An Introduction to Fixed-Income Securities

Fixed income securities offer a guaranteed periodic payment from the time they are purchased until maturity. For example, an investor could purchase a 5 percent fixed-rate bond from the New York State Treasury in the amount of $2,000. Each year, the investor would receive a 5 percent return, or $100, until the bond matured at a set point in the future. Then, the original $2,000 would be paid back. This type of instrument is very low-risk and offers consistent returns, but that does not mean it is an intrinsically valuable investment.
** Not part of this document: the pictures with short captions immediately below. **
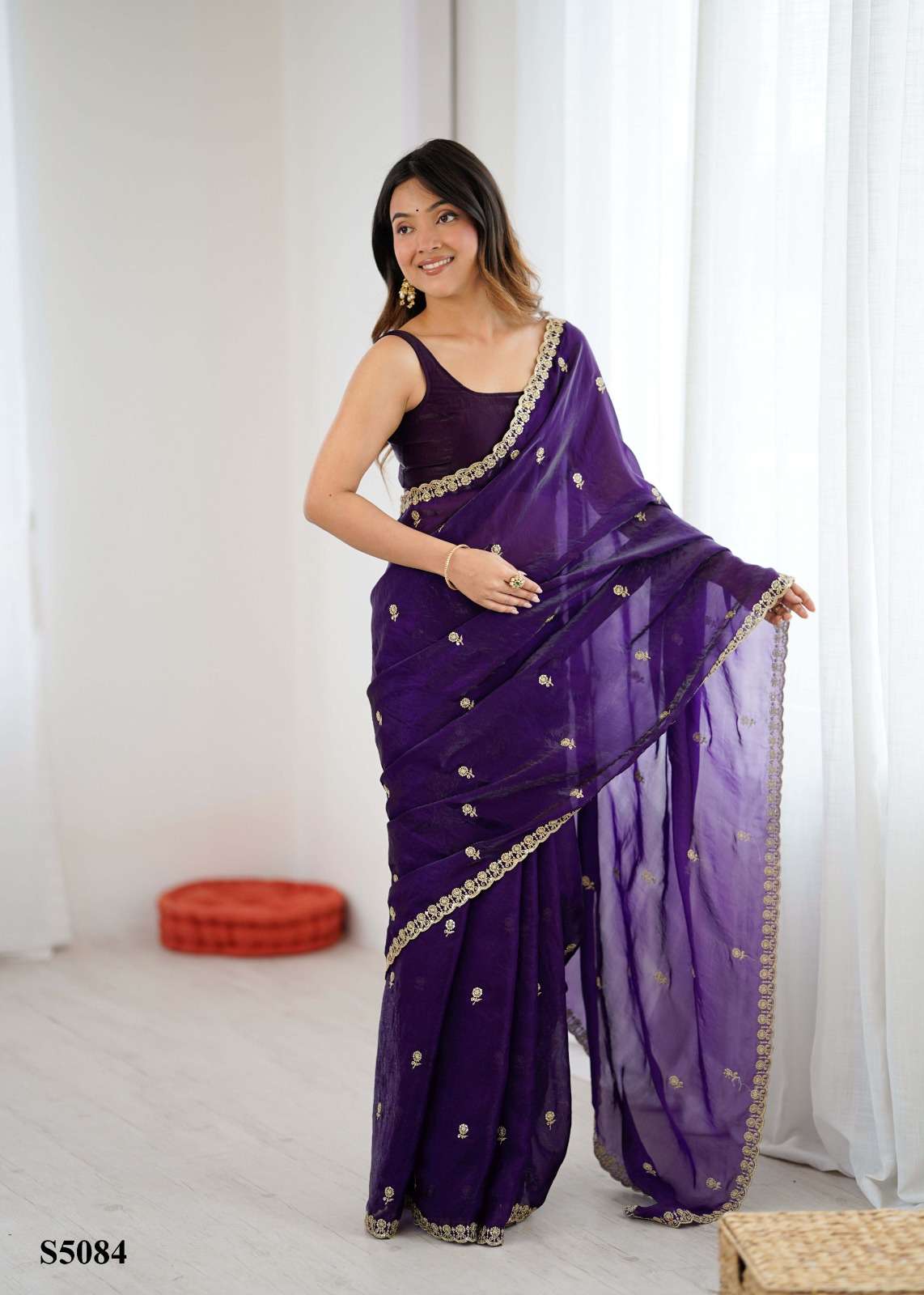AVIRA FESTIVE WEAR SAREE COLLECTION manufacturers surat 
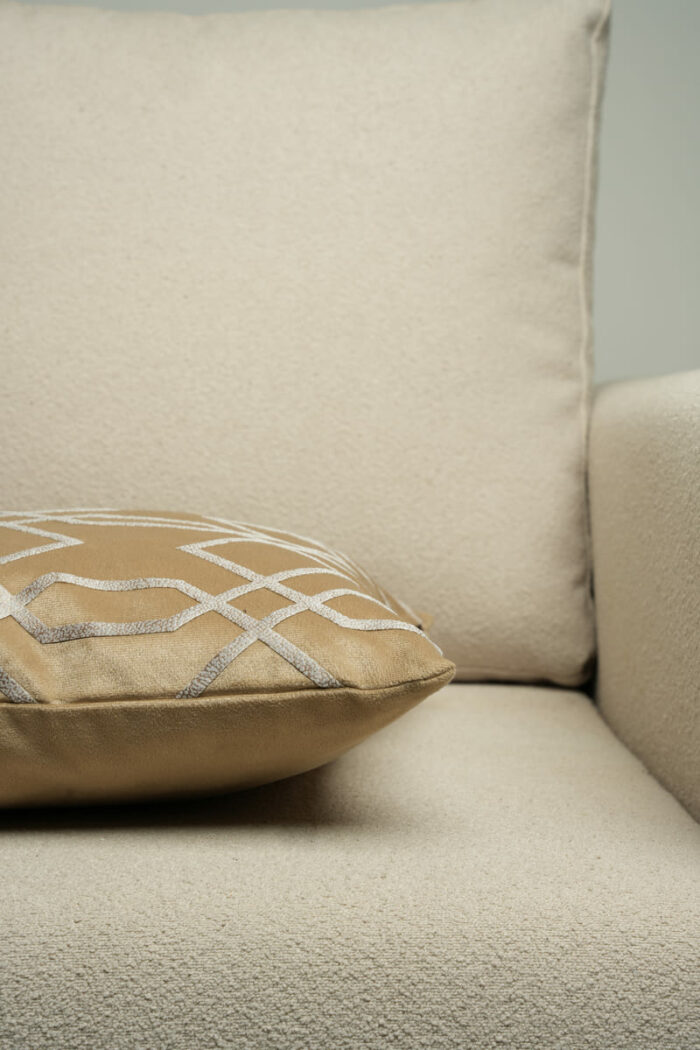 Coussin marron sérigraphié - Motif gris moucheté – Image 2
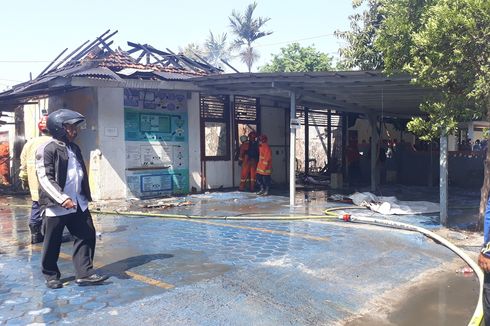 Gudang dan Ruang Tunggu Rutan Pondok Bambu Terbakar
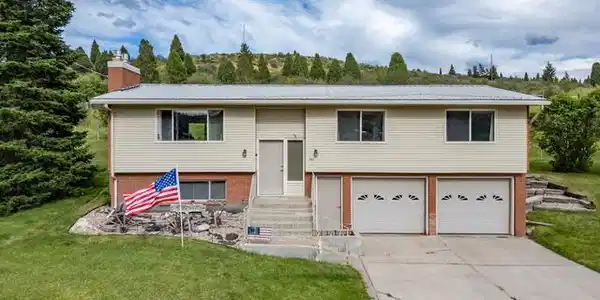 322 BAILEY RD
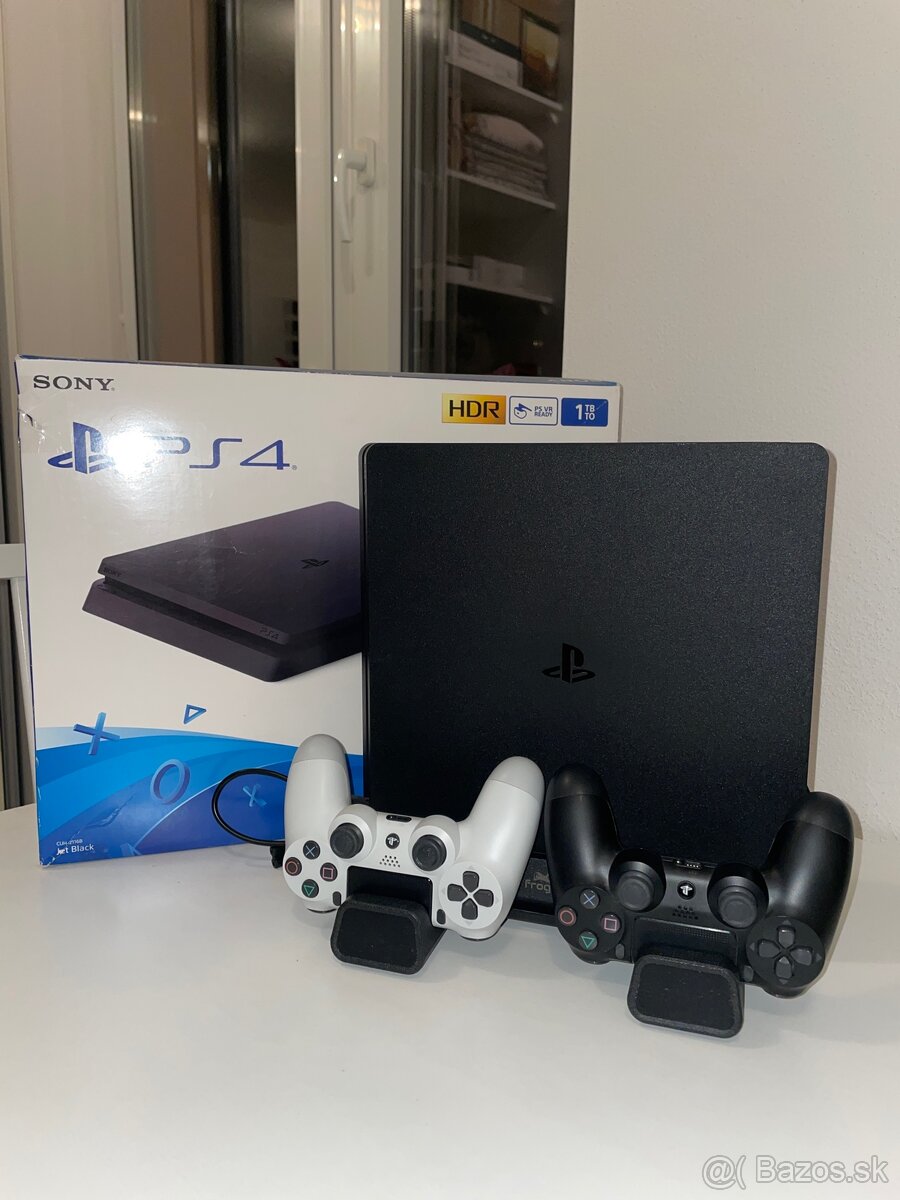 PS4 Slim 1 TB + 2 ovládače + stojan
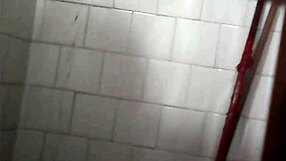 Hidden Filming Of Aunt's Bath Voyeur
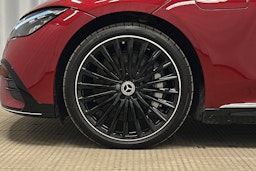 punainen Mercedes-Benz EQE 2025 kuva 11.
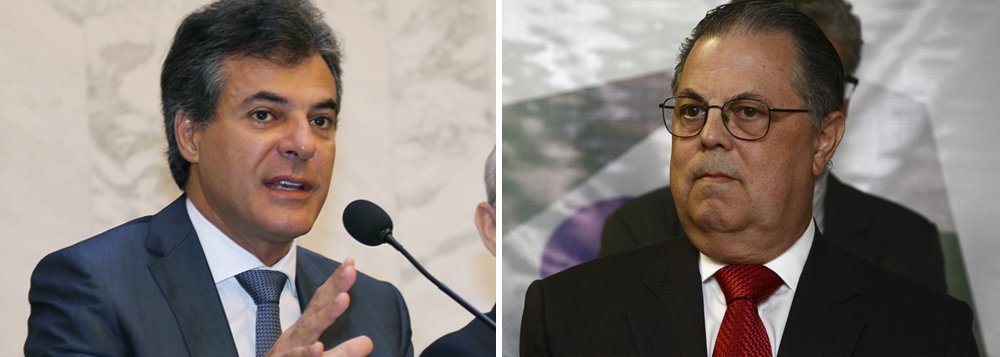 Governador Beto Richa (PSDB) anunciou a saída do secretário de Educação Fernando Xavier Ferreira, após o massacre que deixou mais de 200 professores feridos há uma semana; quem assume o cargo é Ana Seres Comin, que já respondia pela superintendência da secretaria de Educação; a versão oficial para a troca foi de que Ferreira alegou razões pessoais para deixar a secretaria (Foto: Paulo Emílio) Governador Beto Richa (PSDB) anunciou a saída do secretário de Educação Fernando Xavier Ferreira, após o massacre que deixou mais de 200 professores feridos há uma semana; quem assume o cargo é Ana Seres Comin, que já respondia pela superintendência da secretaria de Educação; a versão oficial para a troca foi de que Ferreira alegou razões pessoais para deixar a secretaria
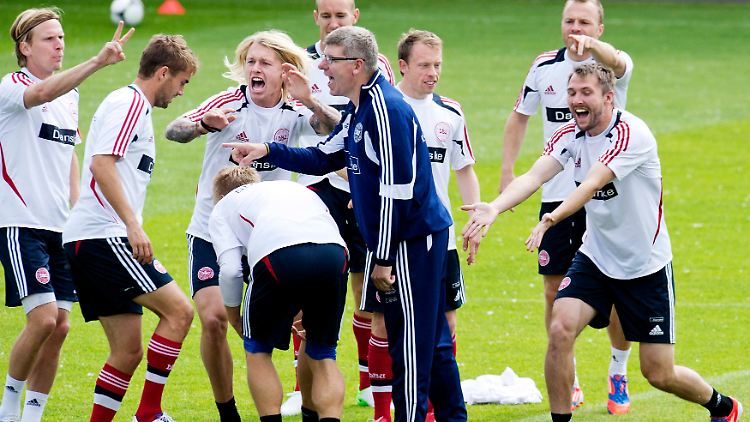 Immer für eine Überraschung gut: Die Mannschaft von Morten Olsen zeigt sich entspannt im Training.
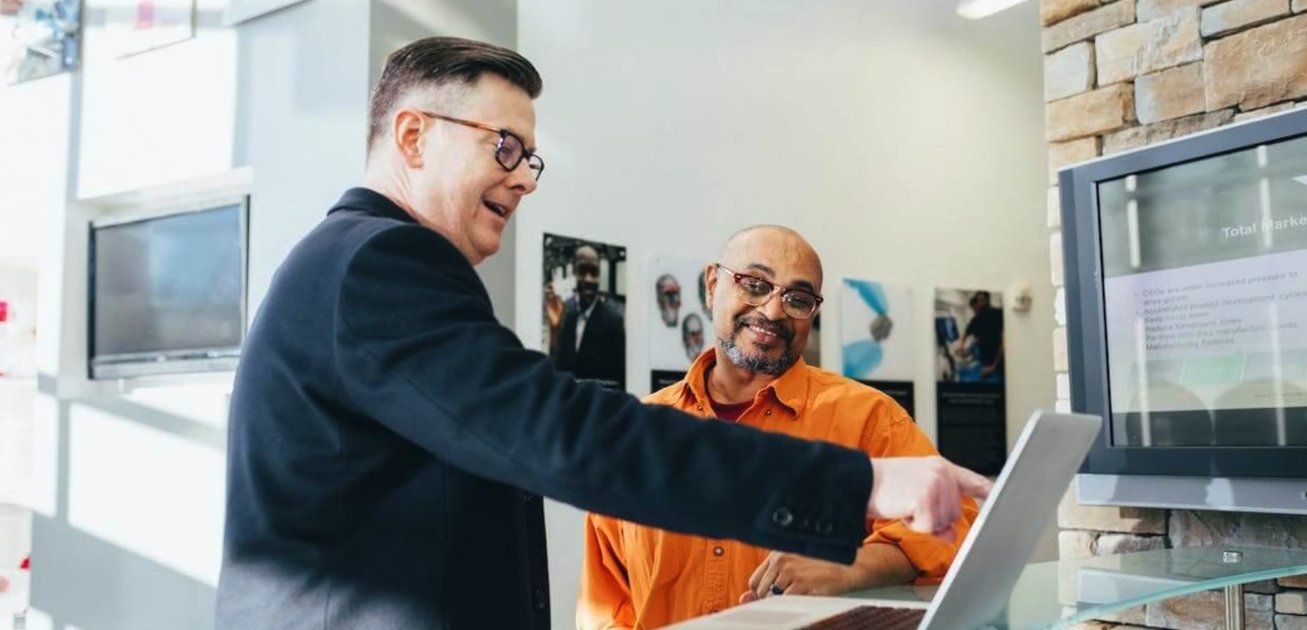 psychdata's tweet card. Learn about survey data analysis, methods for analyzing quantitative vs. qualitative data, and best practices tips for how to do it.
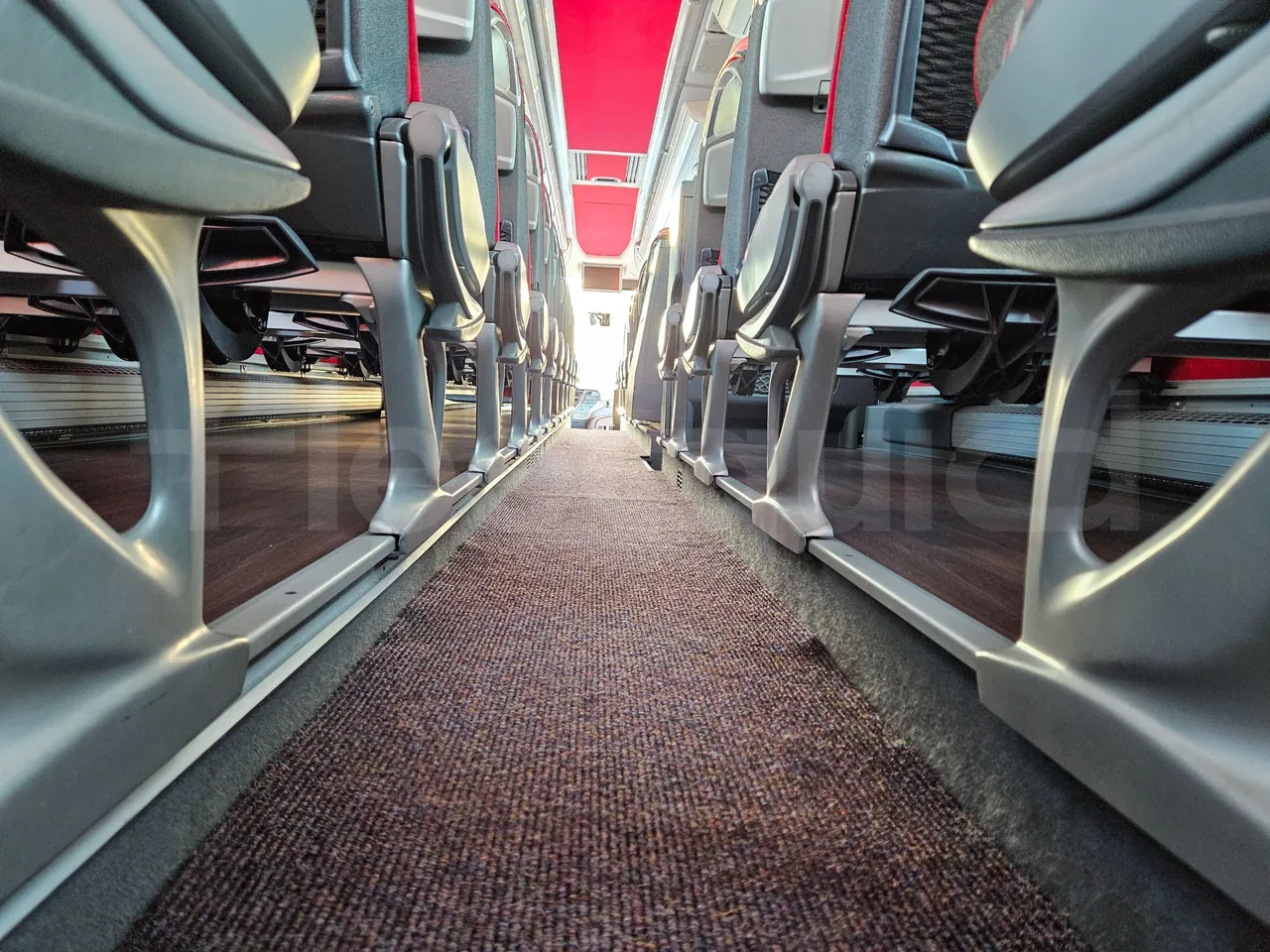 Mercedes-Benz Travego Travego - Euro 6 - 350 kW - 13 mt - seat brackets photo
Risk of a Fixed-Income Security

On the whole, fixed-income securities are very low risk. This is particularly true when they are purchased from a government entity. State and federal governments have a very low record of default on bonds. In order for default to occur, the issuer would have to declare bankruptcy. Not only is the initial sum guaranteed to be returned in nearly every circumstance, but the interest payment is also guaranteed. The only thing that is not certain is the effect of inflation during the same period. If inflation happens to outpace the interest rate on this option, the investment will still lose money.

Reward of a Fixed-Income Security

Since a fixed-income security is incredibly low-risk, it is also relatively low-reward. The investor is simply, essentially, making a loan by purchasing a debt instrument from a private company or public municipality. The loan is paid back, and the investment is complete. No matter how much money the company or public entity earns off of the money provided by the investor, the investor's return will be consistent. For example, if you purchase a fixed-income security in the form of a state transportation bond, the state may earn tens of millions when the project is complete. You will earn back only your investment plus the fixed interest.

When to Purchase a Fixed-Income Security

Since these options are very low-reward, they are best for an individual who is simply looking to protect a capital investment and make a little bit of money on the side. A retiree is a good candidate to purchase fixed-income securities. On the same note, a young family looking to save for a college fund should be interested in this option. The parents could put the money away, keep it very protected and still earn a modest investment income while their child is young and needs day-to-day items.

Where to Purchase a Fixed-Income Security

Any broker, trader or investment manager can present you with options for a fixed-income security. Specify whether you are invested in private securities or public entity securities, such as government bonds. You will have a few options in terms of the dates of maturity. Most bonds and fixed-income instruments are presented in short-term and long-term options. Long-term options, held 10 years or more, often have higher interest rates to compensate an investor for locking up his or her money for a longer period. Short-term investments are more flexible, but they will generally have lower interest rates.